Apakah wilayah indonesia semakin luas atau semakin sempit setelah dicapai perundingan renville

Perjanjian Renville merupakan perundingan berikutnya yang dilakukan setelah Perjanjian Linggarjati. Sama seperti perjanjian sebelumnya, Perundingan Renville juga menjadi bukti perjuangan mempertahankan kemerdekaan Indonesia secara diplomasi.

Peritiwa Sebelum Perjanjian Renville

Perundingan Linggarjati yang disahkan pada 25 Maret 1947 ternyata dilanggar oleh pihak Belanda.

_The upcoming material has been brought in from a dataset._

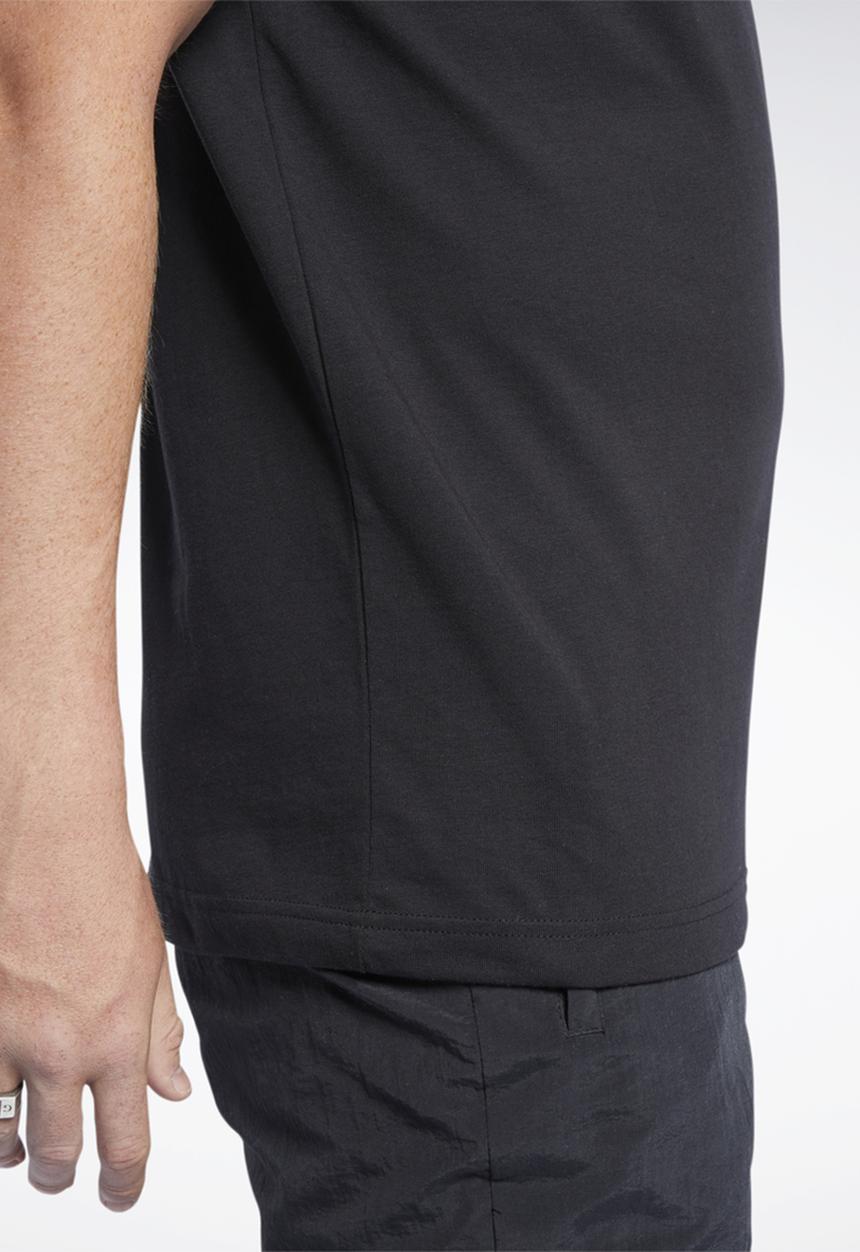 Reebok - Cl ball T-shirt - black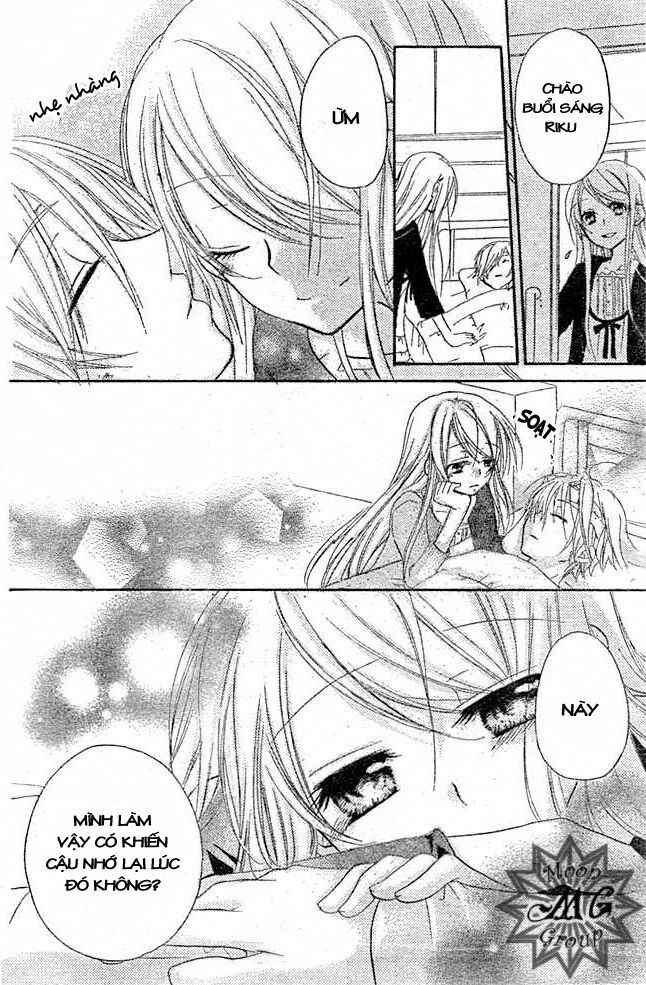 Giri Koi: Chapter 8: - Sẽ không sao chứ...Nếu em yêu ...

Seusai perjanjian tersebut Belanda justru melakukan serangan yang disebut sebagai Agresi Militer Belanda I.

Menurut penjelasan di buku “Sejarah Indonesia Paket C Setara SMA/MA”, agresi militer ini dimulai pada tanggal 20 Juli 1947. Saat itu, Belanda berhasil menerobos ke daerah yang dikuasai Indonesia di Sumatera, Jawa Barat, Jawa Tengah, dan Jawa Timur.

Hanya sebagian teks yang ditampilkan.